Click on the entry for weigh.

The different word-forms grouped under this entry are displayed in the lower window. You will see that weigh, while generally classified as a finite verb form (VVB) or an infinite verb form (VVI), also appears in the lexicon classified as EITHER a verb OR a noun (VVB-NN1; NN1-VVB). These are cases where the computer software performing the part-of-speech analysis was uncertain: the more probable part-of-speech is given first.

Select the VVI form (388 occurrences) and click on Query. Download a random 100 hits and scroll through the solutions. Not surprisingly, the most common word preceding the infinitive form weigh is clearly to.

6. Lemmata

You can make multiple selections from the windows in the Word Query dialog box by the usual Windows procedure of holding down the Control key while you select. So you could select "weigh", "weighed", "weighing" and "weighs" to show the occurrences of all of these. Word query allows you to select a lemmatisation scheme which groups different forms under a headword - for verbs, the infinitive; for nouns, the singular; the root form of adjectives.

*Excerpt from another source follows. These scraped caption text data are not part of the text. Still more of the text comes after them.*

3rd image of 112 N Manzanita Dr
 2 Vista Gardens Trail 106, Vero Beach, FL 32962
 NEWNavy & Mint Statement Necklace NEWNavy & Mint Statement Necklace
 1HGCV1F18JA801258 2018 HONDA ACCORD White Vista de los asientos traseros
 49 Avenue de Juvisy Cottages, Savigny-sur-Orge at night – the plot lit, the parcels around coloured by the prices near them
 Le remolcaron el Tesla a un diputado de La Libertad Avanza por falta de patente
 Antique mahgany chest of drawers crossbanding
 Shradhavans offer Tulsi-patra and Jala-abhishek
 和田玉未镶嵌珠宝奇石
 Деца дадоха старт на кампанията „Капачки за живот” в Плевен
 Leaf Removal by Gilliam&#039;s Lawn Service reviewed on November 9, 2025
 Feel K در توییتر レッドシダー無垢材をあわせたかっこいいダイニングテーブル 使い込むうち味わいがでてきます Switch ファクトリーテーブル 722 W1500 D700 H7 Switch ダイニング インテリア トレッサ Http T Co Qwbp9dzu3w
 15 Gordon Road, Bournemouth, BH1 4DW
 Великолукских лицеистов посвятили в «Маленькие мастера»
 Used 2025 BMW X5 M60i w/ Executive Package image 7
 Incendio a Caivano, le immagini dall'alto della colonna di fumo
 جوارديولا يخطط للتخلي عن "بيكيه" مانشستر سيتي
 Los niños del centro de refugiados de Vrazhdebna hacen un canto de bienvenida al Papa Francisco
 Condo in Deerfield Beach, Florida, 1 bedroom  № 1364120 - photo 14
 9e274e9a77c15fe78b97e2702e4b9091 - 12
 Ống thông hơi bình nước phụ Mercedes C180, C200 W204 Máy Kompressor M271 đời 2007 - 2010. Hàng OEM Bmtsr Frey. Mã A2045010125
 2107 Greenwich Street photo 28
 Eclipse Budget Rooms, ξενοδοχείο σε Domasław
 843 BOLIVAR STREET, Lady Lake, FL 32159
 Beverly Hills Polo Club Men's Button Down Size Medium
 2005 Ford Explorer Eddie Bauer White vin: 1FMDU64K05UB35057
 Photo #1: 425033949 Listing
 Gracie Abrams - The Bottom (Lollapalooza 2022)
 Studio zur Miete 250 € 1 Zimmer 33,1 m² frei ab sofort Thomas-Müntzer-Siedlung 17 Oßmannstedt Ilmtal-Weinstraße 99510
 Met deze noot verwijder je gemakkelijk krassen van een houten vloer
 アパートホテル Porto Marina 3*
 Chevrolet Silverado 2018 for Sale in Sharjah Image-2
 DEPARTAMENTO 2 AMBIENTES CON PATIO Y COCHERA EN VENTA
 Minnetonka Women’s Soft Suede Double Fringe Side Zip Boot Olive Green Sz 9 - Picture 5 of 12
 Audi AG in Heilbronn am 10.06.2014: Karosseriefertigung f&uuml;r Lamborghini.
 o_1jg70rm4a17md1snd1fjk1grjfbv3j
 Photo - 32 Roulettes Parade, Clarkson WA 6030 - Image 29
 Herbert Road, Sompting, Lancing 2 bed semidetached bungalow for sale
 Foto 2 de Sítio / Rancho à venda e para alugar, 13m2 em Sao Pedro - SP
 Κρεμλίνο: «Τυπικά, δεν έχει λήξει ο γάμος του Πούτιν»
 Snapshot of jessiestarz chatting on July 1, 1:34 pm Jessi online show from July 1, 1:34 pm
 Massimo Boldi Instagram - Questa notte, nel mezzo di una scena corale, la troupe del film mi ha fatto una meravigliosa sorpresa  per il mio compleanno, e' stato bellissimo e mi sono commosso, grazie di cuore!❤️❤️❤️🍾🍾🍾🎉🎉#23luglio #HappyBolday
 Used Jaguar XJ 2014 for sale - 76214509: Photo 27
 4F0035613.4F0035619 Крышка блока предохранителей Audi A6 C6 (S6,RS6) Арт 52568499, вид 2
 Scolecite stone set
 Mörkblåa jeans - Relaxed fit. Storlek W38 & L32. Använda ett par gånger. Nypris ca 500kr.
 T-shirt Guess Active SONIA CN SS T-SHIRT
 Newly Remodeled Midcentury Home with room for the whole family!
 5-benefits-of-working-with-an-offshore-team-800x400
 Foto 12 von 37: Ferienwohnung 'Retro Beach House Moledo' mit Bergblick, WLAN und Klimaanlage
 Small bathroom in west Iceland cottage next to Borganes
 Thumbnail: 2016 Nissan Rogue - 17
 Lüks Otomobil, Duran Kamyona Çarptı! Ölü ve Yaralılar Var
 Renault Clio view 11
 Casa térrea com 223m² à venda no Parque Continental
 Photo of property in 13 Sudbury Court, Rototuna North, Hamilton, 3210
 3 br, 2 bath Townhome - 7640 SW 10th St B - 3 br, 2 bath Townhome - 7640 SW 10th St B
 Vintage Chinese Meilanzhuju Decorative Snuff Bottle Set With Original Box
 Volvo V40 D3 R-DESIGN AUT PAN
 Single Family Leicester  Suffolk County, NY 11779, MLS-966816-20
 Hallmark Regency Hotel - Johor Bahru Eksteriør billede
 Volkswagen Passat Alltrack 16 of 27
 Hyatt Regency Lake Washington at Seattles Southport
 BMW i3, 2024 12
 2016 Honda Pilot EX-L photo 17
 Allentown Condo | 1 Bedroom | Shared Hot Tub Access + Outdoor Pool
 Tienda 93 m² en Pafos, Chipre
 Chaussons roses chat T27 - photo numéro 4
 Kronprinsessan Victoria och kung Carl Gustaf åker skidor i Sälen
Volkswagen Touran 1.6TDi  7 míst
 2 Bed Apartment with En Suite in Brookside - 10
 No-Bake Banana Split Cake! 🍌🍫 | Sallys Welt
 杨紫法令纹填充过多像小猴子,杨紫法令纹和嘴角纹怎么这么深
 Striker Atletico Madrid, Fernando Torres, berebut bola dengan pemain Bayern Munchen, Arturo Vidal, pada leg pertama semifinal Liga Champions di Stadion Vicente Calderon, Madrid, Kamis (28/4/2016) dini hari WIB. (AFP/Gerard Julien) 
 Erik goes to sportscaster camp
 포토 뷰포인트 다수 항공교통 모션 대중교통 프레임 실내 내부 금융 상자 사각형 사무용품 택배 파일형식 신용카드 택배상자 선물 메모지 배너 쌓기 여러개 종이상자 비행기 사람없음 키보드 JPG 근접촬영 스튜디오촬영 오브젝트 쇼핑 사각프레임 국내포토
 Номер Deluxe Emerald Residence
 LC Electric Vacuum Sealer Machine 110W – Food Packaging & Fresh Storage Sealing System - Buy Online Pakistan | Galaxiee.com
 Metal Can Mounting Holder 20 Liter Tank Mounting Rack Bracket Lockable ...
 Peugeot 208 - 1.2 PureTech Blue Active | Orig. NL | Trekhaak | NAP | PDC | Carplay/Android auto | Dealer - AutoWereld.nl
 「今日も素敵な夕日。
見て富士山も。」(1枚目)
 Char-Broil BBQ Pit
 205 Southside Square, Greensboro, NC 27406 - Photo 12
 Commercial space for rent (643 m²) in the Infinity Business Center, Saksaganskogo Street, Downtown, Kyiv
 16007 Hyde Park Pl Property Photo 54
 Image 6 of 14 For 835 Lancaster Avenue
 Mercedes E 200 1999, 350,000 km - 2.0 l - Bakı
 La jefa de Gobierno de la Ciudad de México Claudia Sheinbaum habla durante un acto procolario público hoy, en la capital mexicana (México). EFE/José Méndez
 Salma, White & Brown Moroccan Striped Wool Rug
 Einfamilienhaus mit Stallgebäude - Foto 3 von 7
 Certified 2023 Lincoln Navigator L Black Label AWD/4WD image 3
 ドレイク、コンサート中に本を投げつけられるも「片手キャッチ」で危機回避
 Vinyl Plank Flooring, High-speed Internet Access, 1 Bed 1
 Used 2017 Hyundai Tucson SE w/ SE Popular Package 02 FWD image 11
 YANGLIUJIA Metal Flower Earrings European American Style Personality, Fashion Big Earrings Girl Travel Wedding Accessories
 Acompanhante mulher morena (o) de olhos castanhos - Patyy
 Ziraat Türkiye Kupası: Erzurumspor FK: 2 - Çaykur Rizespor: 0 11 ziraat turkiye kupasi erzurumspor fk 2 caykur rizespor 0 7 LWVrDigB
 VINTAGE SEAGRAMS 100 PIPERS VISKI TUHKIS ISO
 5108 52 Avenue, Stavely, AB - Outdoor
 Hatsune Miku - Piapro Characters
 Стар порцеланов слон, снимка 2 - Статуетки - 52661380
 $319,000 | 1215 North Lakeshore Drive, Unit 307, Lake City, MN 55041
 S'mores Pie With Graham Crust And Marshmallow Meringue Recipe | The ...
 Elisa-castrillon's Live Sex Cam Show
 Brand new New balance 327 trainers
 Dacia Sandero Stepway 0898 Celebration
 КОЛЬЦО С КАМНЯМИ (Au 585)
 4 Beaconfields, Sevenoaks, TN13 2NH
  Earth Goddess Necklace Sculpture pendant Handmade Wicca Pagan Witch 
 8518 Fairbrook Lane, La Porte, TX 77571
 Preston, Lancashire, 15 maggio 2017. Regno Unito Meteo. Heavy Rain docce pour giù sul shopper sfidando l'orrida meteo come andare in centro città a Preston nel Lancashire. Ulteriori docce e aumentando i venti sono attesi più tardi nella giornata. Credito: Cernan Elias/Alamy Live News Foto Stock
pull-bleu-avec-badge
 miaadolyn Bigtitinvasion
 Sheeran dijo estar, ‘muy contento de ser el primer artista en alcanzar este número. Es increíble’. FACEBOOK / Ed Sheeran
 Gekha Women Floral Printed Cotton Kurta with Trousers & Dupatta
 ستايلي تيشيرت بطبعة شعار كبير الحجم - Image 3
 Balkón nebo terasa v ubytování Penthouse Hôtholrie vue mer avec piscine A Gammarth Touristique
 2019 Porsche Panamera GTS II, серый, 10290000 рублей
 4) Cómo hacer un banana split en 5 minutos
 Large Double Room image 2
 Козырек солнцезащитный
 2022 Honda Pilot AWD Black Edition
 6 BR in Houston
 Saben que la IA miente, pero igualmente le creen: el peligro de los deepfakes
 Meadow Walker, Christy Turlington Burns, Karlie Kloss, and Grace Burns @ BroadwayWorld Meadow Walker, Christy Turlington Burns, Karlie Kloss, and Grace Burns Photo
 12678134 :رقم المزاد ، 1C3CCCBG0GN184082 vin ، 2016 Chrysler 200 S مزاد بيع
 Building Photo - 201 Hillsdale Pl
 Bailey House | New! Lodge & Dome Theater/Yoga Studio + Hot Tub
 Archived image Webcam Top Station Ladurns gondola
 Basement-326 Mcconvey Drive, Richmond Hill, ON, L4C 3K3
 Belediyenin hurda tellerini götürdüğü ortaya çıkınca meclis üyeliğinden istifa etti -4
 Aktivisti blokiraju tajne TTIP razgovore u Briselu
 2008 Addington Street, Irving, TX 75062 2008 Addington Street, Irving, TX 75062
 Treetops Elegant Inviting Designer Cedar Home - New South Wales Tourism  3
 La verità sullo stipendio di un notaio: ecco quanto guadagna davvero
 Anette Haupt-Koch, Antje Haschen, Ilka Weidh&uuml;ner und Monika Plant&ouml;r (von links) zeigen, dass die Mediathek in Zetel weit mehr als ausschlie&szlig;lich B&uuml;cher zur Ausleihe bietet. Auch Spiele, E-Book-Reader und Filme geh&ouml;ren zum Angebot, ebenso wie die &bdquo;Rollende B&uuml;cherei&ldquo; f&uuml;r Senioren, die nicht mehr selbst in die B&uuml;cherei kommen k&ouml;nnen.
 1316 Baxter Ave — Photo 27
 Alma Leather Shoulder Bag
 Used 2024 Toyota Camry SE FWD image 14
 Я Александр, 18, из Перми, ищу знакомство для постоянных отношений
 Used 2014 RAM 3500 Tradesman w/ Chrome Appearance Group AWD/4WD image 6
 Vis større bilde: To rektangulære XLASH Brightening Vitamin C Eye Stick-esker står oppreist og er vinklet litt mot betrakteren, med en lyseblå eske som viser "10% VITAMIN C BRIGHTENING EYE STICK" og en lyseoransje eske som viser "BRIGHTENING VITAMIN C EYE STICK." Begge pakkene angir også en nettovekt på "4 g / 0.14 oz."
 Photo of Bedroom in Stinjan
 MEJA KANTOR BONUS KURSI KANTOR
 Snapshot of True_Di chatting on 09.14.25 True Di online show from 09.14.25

Click on the Query Edit button on the toolbar (this looks like a tiny pencil writing on a blue-edged screen) to return to the Word Query dialogue box. Then click on the Lemmata tab in the Controls section. Select the BNC lemmatisation scheme, then click on Apply.

If you select "weigh VERB" you will see that all the different forms of the verb weigh are listed in the lower window. Altogether there are 2320 of them. Click on Query and download a random 10 solutions.

7. Collocations

What words follow the verb weigh? It's difficult to analyse more than 100 solutions by looking at them, even when you have sorted them. It would be impossible to analyse 2320 in this way. Xaira's Collocation facilities allow you to automatically detect patterns over large numbers of solutions.

Click on the Collocation button on the toolbar (it's one of the last ones in the first group, immediately to the left of the red-white-blue dice button). The Collocation dialogue box will be displayed. Make sure the Show controls box is checked.

Click on the Window tab, and set the window to Left 0, Right 3. (We want to find out what words follow forms of the verb weigh)

Click on Calculate, and wait while XAIRA calculates the collocates of the verb lemma weigh in this window.

The list shows the collocates in order of significance - a frequent collocate which is a rare word is more significant than a frequent collocate which is a common word. You can resort the list alphabetically, by pos, or by frequency, by clicking at the top of the column you want.

If you select a word from the list and click on Query, you will see a concordance of the occurrences of divide with that collocate. Try "heavily", and try to work out why it co-occurs with "weigh". What sorts of things "weigh heavily" in this concordance?

Close the "weigh heavily" solutions window and click on Collocation again to return to the list of collocates of weigh. Click on Frequency to sort the collocates by frequency instead of by significance (z-score), and then on Pos to sort them by part-of-speech. What is the most frequent adverb occurring with weigh? Which adverb has the highest z-score?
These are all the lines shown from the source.